#### [Extracted information]
----

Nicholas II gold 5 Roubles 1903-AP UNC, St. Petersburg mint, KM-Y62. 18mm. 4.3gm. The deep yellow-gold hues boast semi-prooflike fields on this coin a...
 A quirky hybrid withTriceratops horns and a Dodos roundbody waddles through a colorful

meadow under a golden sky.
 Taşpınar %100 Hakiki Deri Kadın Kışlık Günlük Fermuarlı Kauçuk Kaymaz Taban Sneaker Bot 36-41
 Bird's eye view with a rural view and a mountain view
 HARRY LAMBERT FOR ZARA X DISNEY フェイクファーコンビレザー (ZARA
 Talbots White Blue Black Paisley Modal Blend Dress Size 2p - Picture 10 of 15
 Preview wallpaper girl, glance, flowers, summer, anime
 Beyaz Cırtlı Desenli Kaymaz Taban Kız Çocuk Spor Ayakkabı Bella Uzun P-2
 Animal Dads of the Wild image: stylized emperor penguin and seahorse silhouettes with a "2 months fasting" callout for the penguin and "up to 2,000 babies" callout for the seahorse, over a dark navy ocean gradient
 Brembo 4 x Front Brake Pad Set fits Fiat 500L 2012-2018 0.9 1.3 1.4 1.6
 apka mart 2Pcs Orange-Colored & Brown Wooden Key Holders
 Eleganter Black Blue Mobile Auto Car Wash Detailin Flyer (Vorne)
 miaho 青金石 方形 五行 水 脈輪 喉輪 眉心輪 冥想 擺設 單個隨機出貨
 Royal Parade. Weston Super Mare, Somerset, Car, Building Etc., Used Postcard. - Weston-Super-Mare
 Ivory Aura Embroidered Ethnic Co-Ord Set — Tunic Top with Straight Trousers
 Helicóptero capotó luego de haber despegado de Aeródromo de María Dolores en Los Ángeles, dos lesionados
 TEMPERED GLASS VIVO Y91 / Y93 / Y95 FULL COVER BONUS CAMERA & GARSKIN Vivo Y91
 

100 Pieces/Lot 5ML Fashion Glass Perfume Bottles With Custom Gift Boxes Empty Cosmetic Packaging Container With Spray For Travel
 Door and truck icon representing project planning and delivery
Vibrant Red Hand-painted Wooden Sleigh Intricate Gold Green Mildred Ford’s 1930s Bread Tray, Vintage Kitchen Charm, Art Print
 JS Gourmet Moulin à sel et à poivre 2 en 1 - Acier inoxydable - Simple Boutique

----

#### [Work instructions]
Where a line above includes "Blue", copy that line.

#### [Exercise output]
 Talbots White Blue Black Paisley Modal Blend Dress Size 2p - Picture 10 of 15
 Eleganter Black Blue Mobile Auto Car Wash Detailin Flyer (Vorne)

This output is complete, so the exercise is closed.